*Required work:* Make a verbatim transcription of the records, without the pictures.

*Source material:*
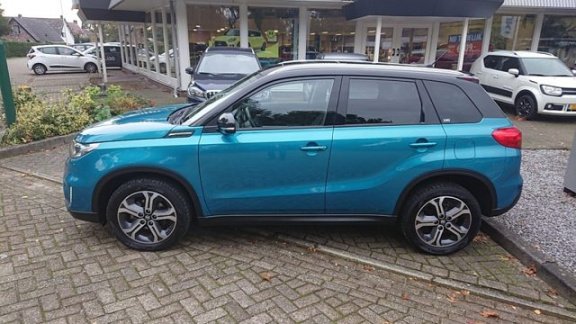 Suzuki Vitara - 1.6 High Executive panorama dak - 1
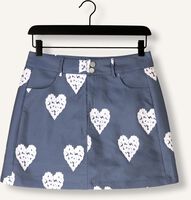 STUDIO AMAYA Mini-jupe STAR SKIRT en bleu STUDIO AMAYA Mini-jupe STAR SKIRT en bleu - medium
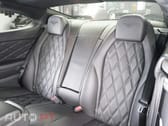Bentley Continental GT V8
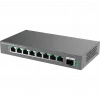 Switch non administré Grandstream GWN7701M - 8 ports / 1 port SFP+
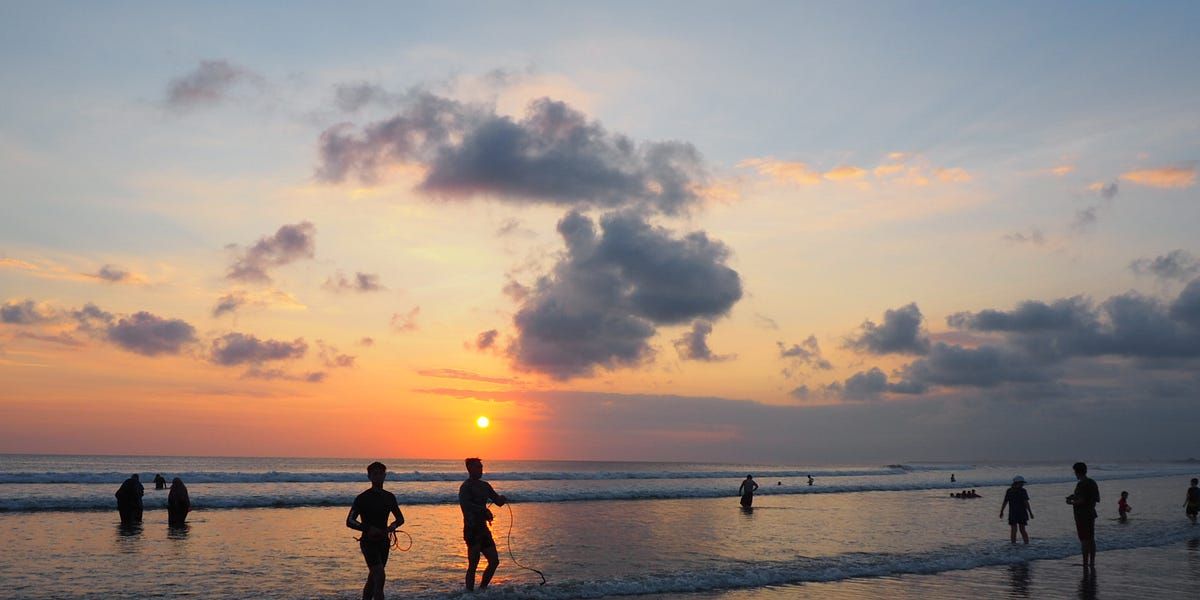 Après la fraîcheur, le soleil revient, mais le ciel reste partagé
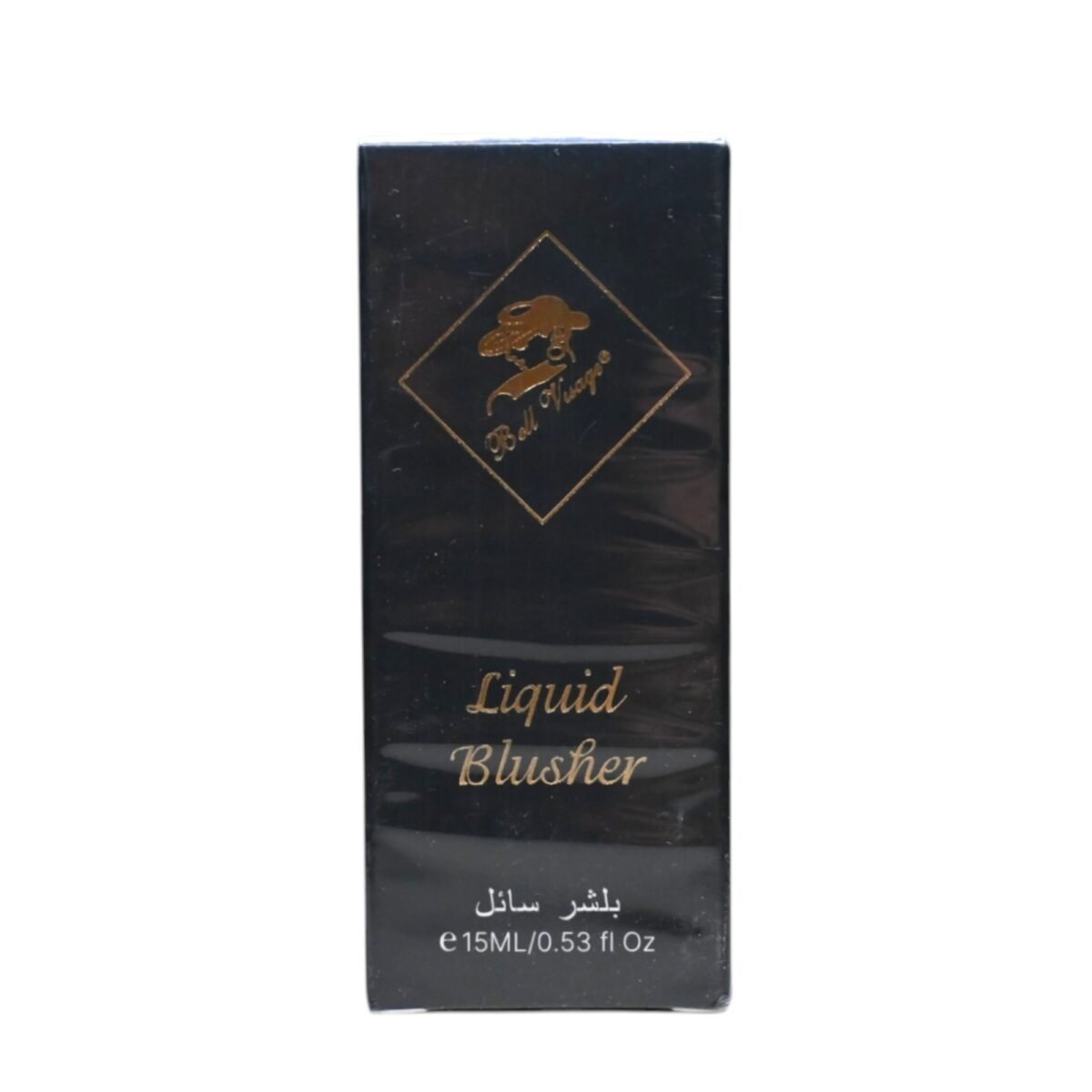 72 البلشر السائل من بيل فيساج | Bell Visage Liquid Blusher - الصورة 2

*Solution to this problem:*
 Suzuki Vitara - 1.6 High Executive panorama dak - 1
 STUDIO AMAYA Mini-jupe STAR SKIRT en bleu STUDIO AMAYA Mini-jupe STAR SKIRT en bleu - medium
Bentley Continental GT V8
 Switch non administré Grandstream GWN7701M - 8 ports / 1 port SFP+
 Après la fraîcheur, le soleil revient, mais le ciel reste partagé
 72 البلشر السائل من بيل فيساج | Bell Visage Liquid Blusher - الصورة 2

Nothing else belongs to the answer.